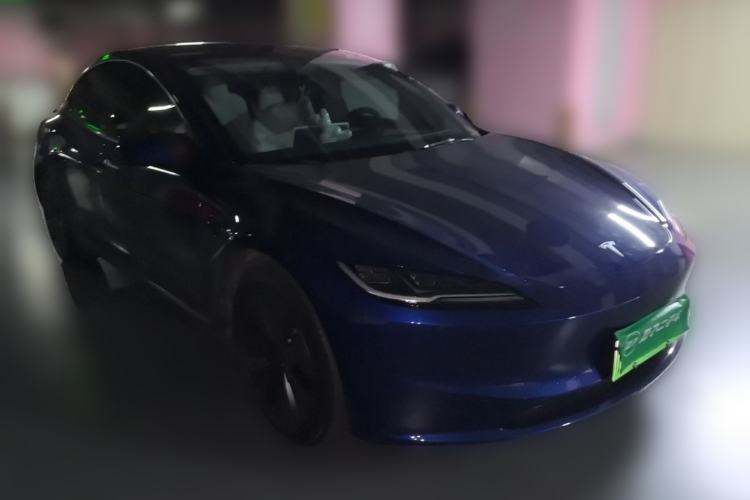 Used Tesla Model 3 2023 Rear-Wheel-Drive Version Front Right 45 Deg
--
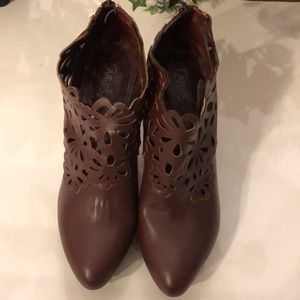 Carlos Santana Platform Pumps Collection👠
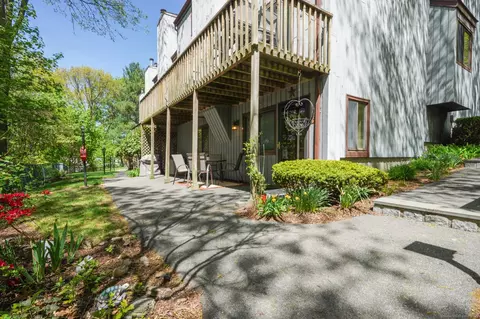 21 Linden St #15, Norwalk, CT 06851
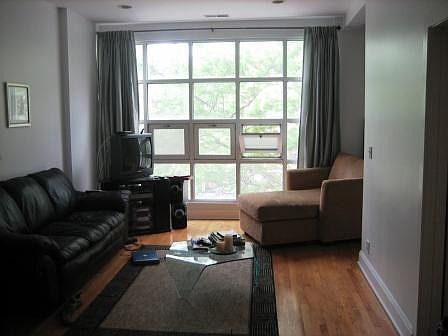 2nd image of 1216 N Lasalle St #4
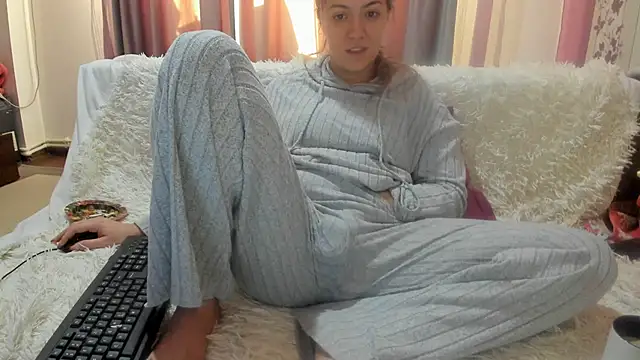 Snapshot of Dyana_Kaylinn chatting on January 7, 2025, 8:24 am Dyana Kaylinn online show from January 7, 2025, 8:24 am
--
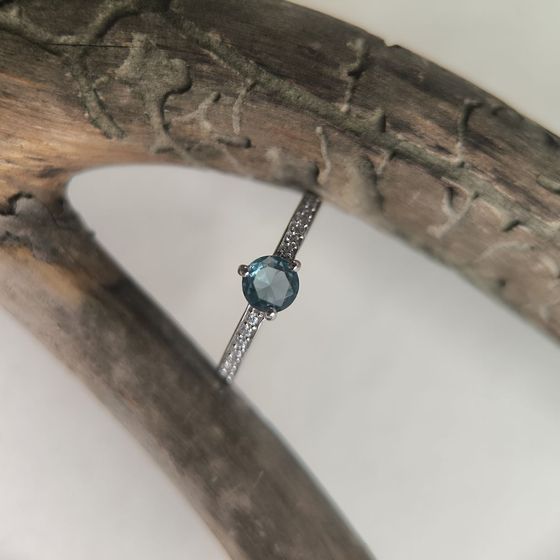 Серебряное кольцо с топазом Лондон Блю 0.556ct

* Task instructions: From the material above, give again exactly the lines from the one that contains "21 Linden St #15, Norwalk, CT 06851" through the one that contains "Snapshot of Dyana_Kaylinn", and leave out the pictures.

* Answer to the exercise:
 21 Linden St #15, Norwalk, CT 06851
 2nd image of 1216 N Lasalle St #4
 Snapshot of Dyana_Kaylinn chatting on January 7, 2025, 8:24 am Dyana Kaylinn online show from January 7, 2025, 8:24 am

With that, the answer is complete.